Monday, March 23, 2009

Where should we start to investigate so we can fix the stock market?

Let me start with just one situation that may have taken billions of dollars out of our pockets and somehow disappeared down a rabbit hole in the last years. It a long story and this is just one of many that all contributed to the demise of our hard earned money.

The DTCC is one of the organizations that are supposed to keep the markets oiled and moving. It facilitates and acts as an intermediary in the transactions of security’s and settles disagreements in those transactions as an unbiased broker. Form their own website:

“DTCC, through its subsidiaries, provides clearing, settlement and information services for equities, corporate and municipal bonds, government and mortgage-backed securities, money market instruments and over-the-counter derivatives. In addition, DTCC is a leading processor of mutual funds and insurance transactions, linking funds and carriers with their distribution networks.

DTCC's depository provides custody and asset servicing for 3.5 million securities issues from the United States and 110 other countries and territories, valued at $28 trillion. In 2008, DTCC settled more than $1.88 quadrillion in securities transactions.”
One major problem here is that no one seems to regulate them!

The Congressional Research Service, a Library of Congress think-tank with a single client: Congress. A member of Congress requests a study on a subject of interest, and CRS researchers produce it. The CRS is one of the most respected institutions in Washington, DC, and its reports are universally considered non-partisan, objective, and thorough.
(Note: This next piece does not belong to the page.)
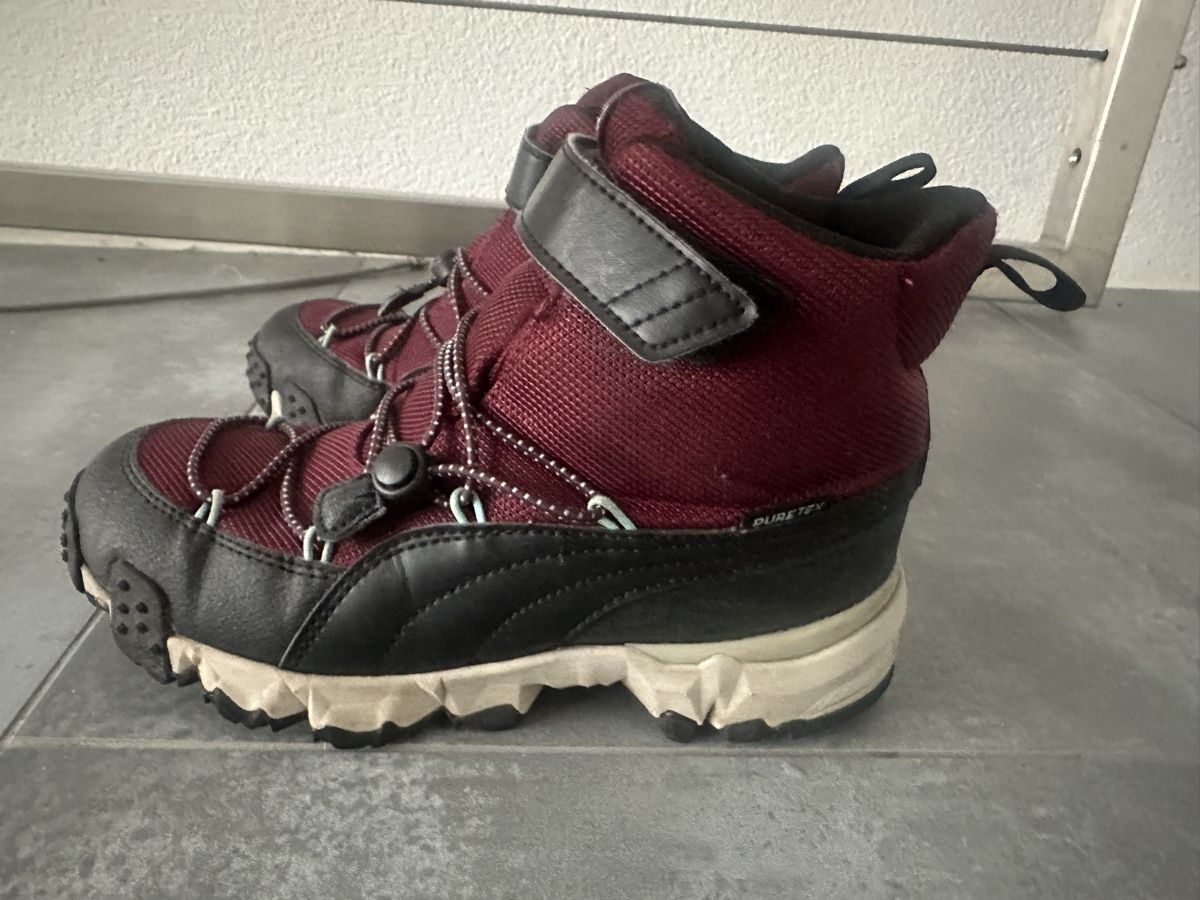 Puma Scarpe per ragazzi: Kinder Schuhe Gr 35.5 – Usato da Oftringen venduto da kar_y2tf 1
On February 24, 2009, the Congressional Research Service published a 40 page report, “Who Regulates Whom? An Overview of U.S. Financial Supervision” (Mark Jickling, Edward Murphy, CRS, February 24, 2009) as the title suggests, the report is a primer on the parts of the US financial system, and who regulates what part. The Summary section from that report says this:
“A number of financial markets are unregulated, including some of the largest. No federal agency has jurisdiction over trading in foreign exchange or U.S. Treasury securities; nonbank lenders fall outside the regulatory umbrella; and hedge funds, private equity firms, and venture capital investors are largely unregulated. (although their transactions in securities and derivatives markets may be)

This report provides an overview of current U.S. financial regulation: which agencies are responsible for which institutions and markets, and what kinds of authority they have….This report does not attempt to analyze the strengths and weaknesses of the U.S. regulatory system. Rather, it provides a description of the current system, to aid in the evaluation of reform proposals.”

If you want to know exactly who is responsible for what this is a great place to start. This report is invaluable to really figure what needs to be changed, along with the real changes that need to be addressed by Congress to make sure that the marketplace can’t be ruined, like it has been in the last few years. We should all be asking our representatives if they have been reading it and if they understand it. They certainly need to if they want to fix what’s wrong in the system. But there are some holes in the system, one of those being the lack of any regulation or oversight of DTCC that are not addressed in this study.

Why is this so important and how does this play into the collapse of the market?
Well since DTCC brokers the deals, they see the moves in the market. They should be able to tell when someone is cooking the books and when transactions are taking place that are phantoms. It is truly the first place to start the investigative process to figure out where all this money has gone and who has it.